Greetings to you! The theme for our morning’s meditation is “The magnetism of the cross”.
Magnets show us that opposite poles attract each other and also that they have the power of attracting iron to themselves. The cross of Christ also likewise shows us that one of the most cruel and crudest forms of punishment in the Roman world turns to become the means of redemption for all humanity.
The cross under Roman rule was reserved for people who revolted against the regime and were accused of sedition. However, this harsh and cruel punishment that was meted out to Jesus on the cross has become the centre of our faith. Jesus always knew that the way of the cross was the way of salvation and so his focus was always about heading to the cross.
The cross continues to attract people towards Jesus and in this morning’s passage we will be looking at some people who were attracted to Jesus and the cross. In John’s gospel this event is recorded after Jesus’ triumphal entry into Jerusalem. John records for us that there were some Greeks who had also come to Jerusalem to worship at the Passover festival.

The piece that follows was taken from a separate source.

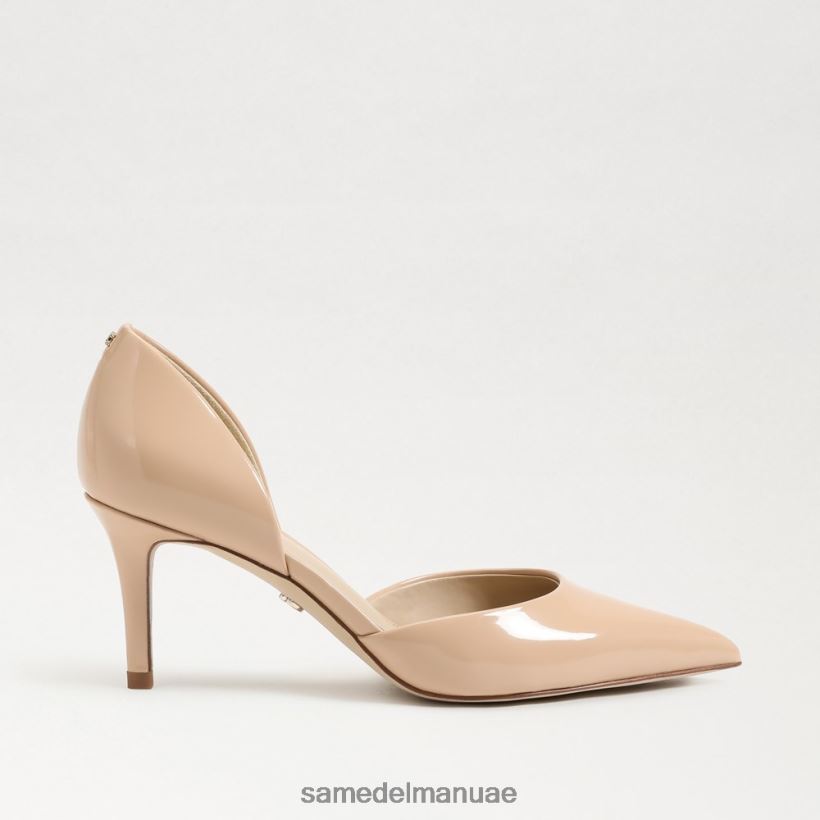 استحى البيج أحذية Sam Edelman نحيف مضخة مدببة عند أصابع القدم 246L6T362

These Greeks came to Phillip with a request that they would like to see Jesus. Phillip went to Andrew and the two of them told Jesus about them. These Greeks were probably God fearers who were attracted to Judaism but were repelled by its nationalism and requirements such as circumcision. Jesus attracts these people towards himself. John does not tell us anything more about these Greeks but it is an indicator that Jesus came for the whole of humanity.
Jesus then tells them that the ‘hour’ for the Son of Man to be glorified had come. In John’s gospel the ‘hour’ refers to the death of Jesus. Jesus states that unless a grain of wheat falls into the earth and dies, it remains alone: but if it dies, it bears much fruit. Jesus uses this illustration to talk about his own impending death, knowing that it is only through his sacrificial death on the cross can all humanity enjoy the fruit of salvation. Jesus continues by challenging his disciples that anyone who loves their life will lose it while ‘Anyone who hates their life will keep it for eternal life’. ‘Whoever, serves me must follow me: and where I am my servant also will be’.
In other words, Jesus is saying that if our focus is only on loving the world then we will lose eternal life, but if we give our lives for the sake of Christ and the gospel then we will gain eternal life. Loving our own selves which is governed by our natural instinct is the same as loving darkness because our inclinations are only evil all the time. A life independent of God is a life lead in darkness.
Following Christ is the way of the cross and therefore it is the path of suffering. Suffering leads to glory in the life of his followers. Following Jesus involves bearing one’s cross - that is willing to suffer and to die for the sake of the gospel.
We are also called to die to our sinful selves and live for God. Jesus then talks about the very purpose for which he came, which was to suffer and die and glorify the Father. A heavenly voice immediately said, “I have glorified it and I will glorify it again.” The voice reminds us of the transfiguration and baptism where the heavenly voice affirmed the Sonship of Jesus.
Jesus then tells his disciples that the crucifixion will begin the judgement of this world and the ruler of this world, Satan, would be thrown out. Satan is the head of the supernatural and ungodly powers that are working all the evil in this world. He is the personification of darkness and tries to overcome the light and wishes to keep the world in the realm of darkness.
He is described as the ‘Devil’, ‘liar’ and the ‘father of lies’, and a ‘murderer’ from the beginning who wants to rule over people. He does not allow them to believe in Jesus or worship the one true God. But now his time has come to an end with the death of Jesus. Human beings have been liberated from the power of the evil one through the death and resurrection of Jesus.
Jesus then says that when he is lifted up from the earth, he will draw all people to himself. He was aware of the type of death he was to undergo. Jesus then challenges his followers to walk in the light so that darkness would not overtake them. While they have the light, Jesus, they are allowed to believe in him so that they may became sons and daughters of the light.
The cross continues to attract each one of us as a magnet. Though on one side it may be seen as a symbol of defeat on the other side it is the symbol of victory. The prince of the world Satan or the devil has been defeated on the cross and Christ proclaims freedom to each one of us. We have to appropriate this freedom by believing in Jesus Christ. Jesus is also the light of the world and if we believe in him, we become the children of light and therefore are called to walk in the light.
We can only walk in the light by the power of the Holy Spirit that he gives us. May God truly help us come close to him and walk in the light.